The data:

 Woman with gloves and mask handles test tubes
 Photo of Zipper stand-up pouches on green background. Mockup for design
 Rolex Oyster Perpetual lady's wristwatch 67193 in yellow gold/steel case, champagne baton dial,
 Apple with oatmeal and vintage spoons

* * *

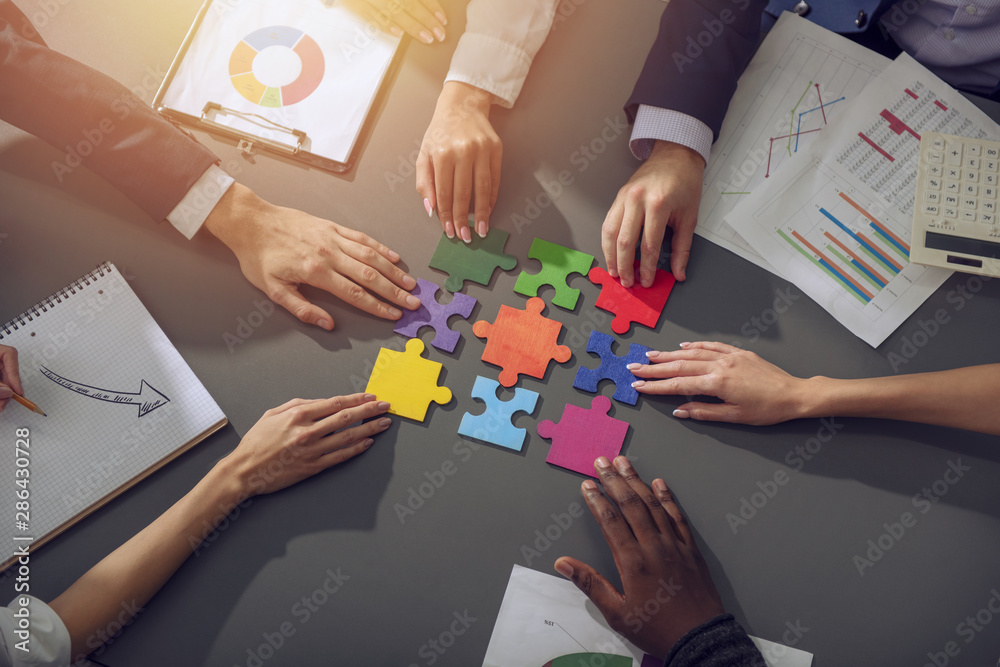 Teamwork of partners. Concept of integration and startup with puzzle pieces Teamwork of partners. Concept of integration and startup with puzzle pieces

Task details: Give again exactly, and only, the lines above starting at the one with "Photo of Zipper" and ending at the one with "Apple with oatmeal and vintage spoons".

Response to the task:
 Photo of Zipper stand-up pouches on green background. Mockup for design
 Rolex Oyster Perpetual lady's wristwatch 67193 in yellow gold/steel case, champagne baton dial,
 Apple with oatmeal and vintage spoons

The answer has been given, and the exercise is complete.